It’s officially 75 days until I get married. 75 days until the best day of my life…supposedly. The thought of fitting into my wedding dress and having my photo taken gives me anxiety.
Tomorrow is the start of a new me.

Happy new year! It’s the time for reflection and new years resolutions. My instagram is full of top 9 liked photos, people partying into the new year and throwbacks. 2018 was a big year for me. Aidan started a job with the Police, we moved from Dunedin to Invercargill, sold our house and bought another, I got a big promotion at work, two of my best friends got engaged and one of best friends got married.
When thinking about 2019 there are 4 things I want to achieve: Lose 8kg before our wedding, run the Hawkes Bay half marathon, travel overseas to a tropical island and save $10,000 by 31/12/2019.
Let the planning begin!

Today wasn’t a bad day but it wasn’t great either. Aidan is working nights this week and I’m off work most of the week due to the stat days. I didn’t exercise since the gym is closed due to the public holidays and my body was a bit achy from the run yesterday. I didn’t eat anything bad but I did find myself grazing when I wasn’t hungry. I’ve started to research addiction and why people overeat etc and there’s always a deeper reason other than just “I like the taste”. My biggest weakness is that I eat when I’m bored. Today I read that boredom is another word for depressed.
Am I depressed??

This week I’ve had to entertain myself a lot as we’ve had three stat days off work and Aidan has been working nights all this week which means he sleeps in until around 3pm.
I’m reading a book that my Mum recommended to me which is called Mrs D is Going Without. It’s about a news presenter’s wife who is an alcoholic and how she became booze free. Even though I’m not an alcoholic, I can relate to her journey in so many ways. She talks about the struggles, her addiction, the light bulb moment, what helped her and what hindered. She’s actually who inspired me to start this blog.
I wouldn’t say I’ve had my light bulb moment but I’ve been researching lots about addiction. Stumbled my way through TED (highly recommend) and then have come across Tony Robbins on YouTube. He’s a motivational speaker and life coach. I’ve just started watching him on YouTube and he is ah-mazing. Alot about what he talks about makes perfect sense to me.
I had my first work out back at CrossFit for the year tonight. It was an absolute killer. We got home and cooked dinner and I had a shower while Aidan got tea ready. I had the best shower, played some music and danced and sang the sweat off. This is what true endorphins feel like.
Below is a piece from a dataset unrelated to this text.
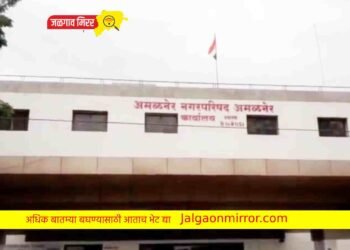 अमळनेर नपा कर्मचाऱ्याना दोघांनी केली शिवीगाळ !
It’s been over 2 weeks since I’ve written on here. I’m trying to reflect on the last 2 weeks and how it’s going. I can proudly say I’ve been going to Crossfit at least 5 days a week – even when Aidan can’t go. It was really scary at the start going on my own but once you turn up and you’re there, there’s no turning back. All I focused on was turning up and I did. It’s grown my confidence hugely and I realised, everyone else is so concerned on their own workout no one could give a fuck what weight you are lifting or how long it’s taking you to finish the round.
My eating has been pretty good. I’ve made a huge effort to eat well during the working week and then have something relaxed on either the Sat or Sun. I weigh in on a Sunday and even though we shouldn’t hold our worth to the number on the scales, it’s motivating and good to know I’m on the right path.
I was hoping to be under 72kg this week but I had actually put on 600kg. While this is so disappointing, it’s time to try something different in my diet and see if that works. I eat a huge amount of fruit which probably adds to quite a lot of “sugar” so that’s my first alteration for the week and see how we go.
Watch this space.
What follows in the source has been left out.